* [What you need to do]: Starting at the line that holds "Goodsright Decor Palace" and stopping at the line that holds "the CARF Aspire", restate the records below word for word, with both of those lines included.

* [Listed entries]:
★ ★ ★

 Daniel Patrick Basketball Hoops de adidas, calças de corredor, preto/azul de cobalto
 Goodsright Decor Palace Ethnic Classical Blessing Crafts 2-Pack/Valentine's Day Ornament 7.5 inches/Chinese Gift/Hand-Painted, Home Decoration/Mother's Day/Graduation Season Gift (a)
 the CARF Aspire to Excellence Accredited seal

★ ★ ★

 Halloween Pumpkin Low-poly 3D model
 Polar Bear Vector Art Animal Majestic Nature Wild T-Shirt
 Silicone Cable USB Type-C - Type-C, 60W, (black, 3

★ ★ ★

* [Answer for this exercise]:
 Goodsright Decor Palace Ethnic Classical Blessing Crafts 2-Pack/Valentine's Day Ornament 7.5 inches/Chinese Gift/Hand-Painted, Home Decoration/Mother's Day/Graduation Season Gift (a)
 the CARF Aspire to Excellence Accredited seal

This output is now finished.